On March 25, 2026, at a Crain’s New York Business panel discussion of the city’s hospital sector, Mitchell H. Katz, MD, president and CEO of NYC Health + Hospitals, told the assembled executives what cost-cutting now sounds like in the largest public hospital system in the United States. “We could replace a great deal of radiologists with AI at this moment, if we are ready to do the regulatory challenge.” Sandra Scott, MD, who runs One Brooklyn Health, one of the city’s safety-net institutions operating on tight margins, replied that the move would be “a game-changer.” The exchange appeared in Crain’s coverage of the panel and was picked up by the radiology trade press within forty-eight hours.

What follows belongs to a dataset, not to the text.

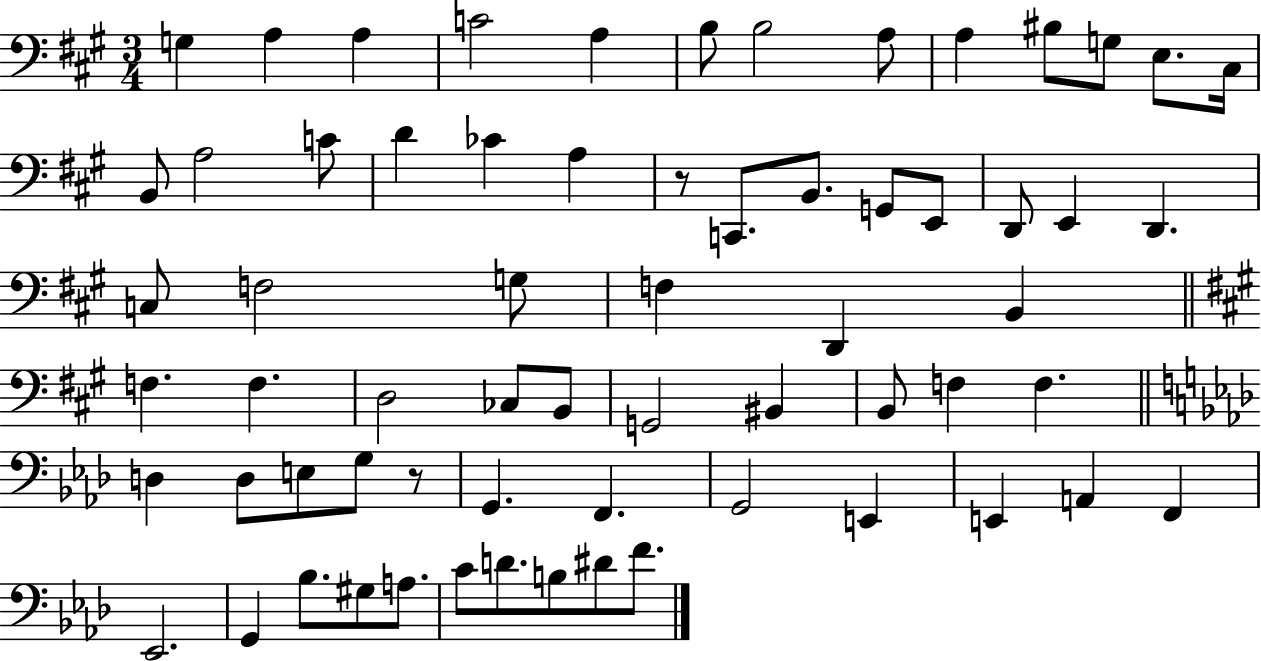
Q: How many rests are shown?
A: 2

The proposal reads as the second move in a strategy whose first move has been documented for fifteen years. American hospital systems built imaging volume on the back of a preventative-medicine apparatus that the American College of Cardiology’s own Choosing Wisely campaign identified in 2012 as substantially overused, with up to 45% of stress cardiac imaging in low-risk asymptomatic patients flagged as inappropriate by the ACC’s own appropriate-use criteria. That volume produced revenue. The same hospital systems now propose to automate away the labor cost of interpreting the revenue-producing volume. Imaging continues, billing continues, the radiologist disappears from the ledger, and the patient pays the same copay for a scan whose ordering was already questionable, now read by an algorithm whose performance varies by manufacturer, training data, patient population, and deployment context.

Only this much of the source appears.